No he didn't write it. He had a much easier job, to pick software that does do it right.


He likely doesn't give a shit about that.

If my blog is unreadable for five minutes a month, I am perfectly happy and I'm not going to change anything.


That's fine, but it's exactly the opposite of the attitude expressed in the post.

"The ratio of bytes loaded to load time should be very close to the I/O throughput of the machine."

How do you think the bytes served for a few hundred requests a minute compares to the theoretical I/O throughput of the relevant machines?

And because no one can see my tongue in my cheek across the internet, I'll be explicit that I'm sure he is a user of his publishing environment, not it's author, and so it's fair to view this as just another symptom of the problem he's discussing.


But it will be unreadable when most people want to read it. Sure, the 200 hundred readers that normally read your blog in the course of the month won't be much disturbed. It's just the 20000 readers that tried to reach it in in a couple of minutes that you will lose.


Doesn't give a shit?
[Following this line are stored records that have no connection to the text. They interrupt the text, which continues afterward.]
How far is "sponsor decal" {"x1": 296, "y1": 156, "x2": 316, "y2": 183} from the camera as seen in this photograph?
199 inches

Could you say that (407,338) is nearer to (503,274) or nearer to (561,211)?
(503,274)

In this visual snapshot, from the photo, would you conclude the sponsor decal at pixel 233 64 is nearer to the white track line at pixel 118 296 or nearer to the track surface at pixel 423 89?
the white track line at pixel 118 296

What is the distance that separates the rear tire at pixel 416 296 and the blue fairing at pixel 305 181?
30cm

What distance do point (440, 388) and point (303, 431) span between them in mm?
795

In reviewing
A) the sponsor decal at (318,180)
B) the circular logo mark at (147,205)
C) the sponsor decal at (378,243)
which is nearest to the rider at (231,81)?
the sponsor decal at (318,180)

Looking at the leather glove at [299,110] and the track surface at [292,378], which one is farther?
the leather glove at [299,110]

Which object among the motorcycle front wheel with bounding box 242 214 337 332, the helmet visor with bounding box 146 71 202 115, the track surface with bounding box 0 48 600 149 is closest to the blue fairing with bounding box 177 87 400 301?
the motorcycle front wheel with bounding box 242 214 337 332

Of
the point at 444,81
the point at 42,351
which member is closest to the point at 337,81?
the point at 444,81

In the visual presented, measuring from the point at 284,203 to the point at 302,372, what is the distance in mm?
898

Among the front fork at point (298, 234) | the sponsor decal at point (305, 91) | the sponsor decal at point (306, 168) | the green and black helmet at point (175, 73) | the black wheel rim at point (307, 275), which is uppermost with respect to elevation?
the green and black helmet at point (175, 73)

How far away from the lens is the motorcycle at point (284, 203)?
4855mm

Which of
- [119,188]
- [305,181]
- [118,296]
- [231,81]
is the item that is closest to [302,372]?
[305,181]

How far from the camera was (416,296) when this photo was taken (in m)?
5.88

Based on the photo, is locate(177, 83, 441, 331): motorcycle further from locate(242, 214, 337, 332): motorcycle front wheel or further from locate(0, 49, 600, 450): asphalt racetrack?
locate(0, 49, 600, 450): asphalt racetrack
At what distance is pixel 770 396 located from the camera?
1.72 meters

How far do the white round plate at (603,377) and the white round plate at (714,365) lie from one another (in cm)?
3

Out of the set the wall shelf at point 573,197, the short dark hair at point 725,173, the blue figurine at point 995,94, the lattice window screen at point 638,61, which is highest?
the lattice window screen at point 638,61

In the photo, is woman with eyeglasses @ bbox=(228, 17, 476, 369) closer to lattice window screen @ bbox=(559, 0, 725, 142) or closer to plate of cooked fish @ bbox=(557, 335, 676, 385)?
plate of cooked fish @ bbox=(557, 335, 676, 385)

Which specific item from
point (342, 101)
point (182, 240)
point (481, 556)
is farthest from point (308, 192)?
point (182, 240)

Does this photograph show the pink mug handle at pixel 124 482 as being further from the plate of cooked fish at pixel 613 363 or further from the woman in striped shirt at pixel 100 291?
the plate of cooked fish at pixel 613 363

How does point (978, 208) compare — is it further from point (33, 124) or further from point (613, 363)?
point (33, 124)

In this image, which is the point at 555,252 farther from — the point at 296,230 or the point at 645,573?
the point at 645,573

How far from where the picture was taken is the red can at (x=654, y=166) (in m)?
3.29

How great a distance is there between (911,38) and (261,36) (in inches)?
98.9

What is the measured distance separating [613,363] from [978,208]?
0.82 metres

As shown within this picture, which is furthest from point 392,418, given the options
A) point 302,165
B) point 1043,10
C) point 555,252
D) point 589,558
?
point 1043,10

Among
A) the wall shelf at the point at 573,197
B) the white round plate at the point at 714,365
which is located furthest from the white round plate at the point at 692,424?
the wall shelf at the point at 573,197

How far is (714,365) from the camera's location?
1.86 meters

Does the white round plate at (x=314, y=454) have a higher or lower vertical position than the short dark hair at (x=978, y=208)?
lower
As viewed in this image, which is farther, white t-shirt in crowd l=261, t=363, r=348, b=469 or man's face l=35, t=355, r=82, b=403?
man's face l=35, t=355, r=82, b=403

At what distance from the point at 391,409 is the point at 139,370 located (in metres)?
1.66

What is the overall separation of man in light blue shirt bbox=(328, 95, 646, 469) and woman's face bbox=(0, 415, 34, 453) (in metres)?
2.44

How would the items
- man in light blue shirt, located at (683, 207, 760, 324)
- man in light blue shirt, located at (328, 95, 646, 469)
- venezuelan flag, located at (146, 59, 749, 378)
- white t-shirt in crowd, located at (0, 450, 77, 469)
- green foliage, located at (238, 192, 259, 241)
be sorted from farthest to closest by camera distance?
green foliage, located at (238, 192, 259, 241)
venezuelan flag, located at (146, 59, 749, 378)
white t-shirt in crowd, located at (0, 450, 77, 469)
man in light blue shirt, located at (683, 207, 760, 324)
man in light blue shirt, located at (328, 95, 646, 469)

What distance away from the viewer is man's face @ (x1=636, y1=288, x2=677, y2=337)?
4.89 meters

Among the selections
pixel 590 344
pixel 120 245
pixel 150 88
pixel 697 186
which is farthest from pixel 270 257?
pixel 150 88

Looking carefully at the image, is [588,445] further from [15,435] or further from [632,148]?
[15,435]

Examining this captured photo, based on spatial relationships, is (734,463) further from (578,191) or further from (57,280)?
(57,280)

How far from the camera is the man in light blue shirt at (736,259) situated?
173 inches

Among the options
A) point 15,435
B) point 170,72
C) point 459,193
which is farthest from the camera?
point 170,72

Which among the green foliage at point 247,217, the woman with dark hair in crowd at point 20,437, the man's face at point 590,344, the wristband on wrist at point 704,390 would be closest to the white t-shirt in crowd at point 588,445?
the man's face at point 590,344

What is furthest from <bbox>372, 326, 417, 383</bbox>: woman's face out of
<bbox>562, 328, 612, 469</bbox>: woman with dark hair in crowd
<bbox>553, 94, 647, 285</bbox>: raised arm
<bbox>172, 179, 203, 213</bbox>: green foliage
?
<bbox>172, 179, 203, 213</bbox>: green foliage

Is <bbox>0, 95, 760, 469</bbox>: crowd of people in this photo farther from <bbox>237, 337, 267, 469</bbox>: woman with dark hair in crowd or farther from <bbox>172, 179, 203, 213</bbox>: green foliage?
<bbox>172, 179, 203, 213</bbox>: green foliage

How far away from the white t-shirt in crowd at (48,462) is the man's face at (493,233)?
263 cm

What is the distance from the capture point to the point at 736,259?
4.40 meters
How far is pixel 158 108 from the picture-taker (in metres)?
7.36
Seriously?

I wouldn't dream of keeping a blog that couldn't handle a HN traffic spike. That's the whole point of having a blog.

Failing at this is like launching your startup's MVP to an audience of the first fifty people who were able to load your product launch page before it crashed under the load. In other words, a giant, easily-avoidable waste of effort.


> I wouldn't dream of keeping a blog that couldn't handle a HN traffic spike. That's the whole point of having a blog.

It seems possible that some people don't care that much about HN traffic spikes.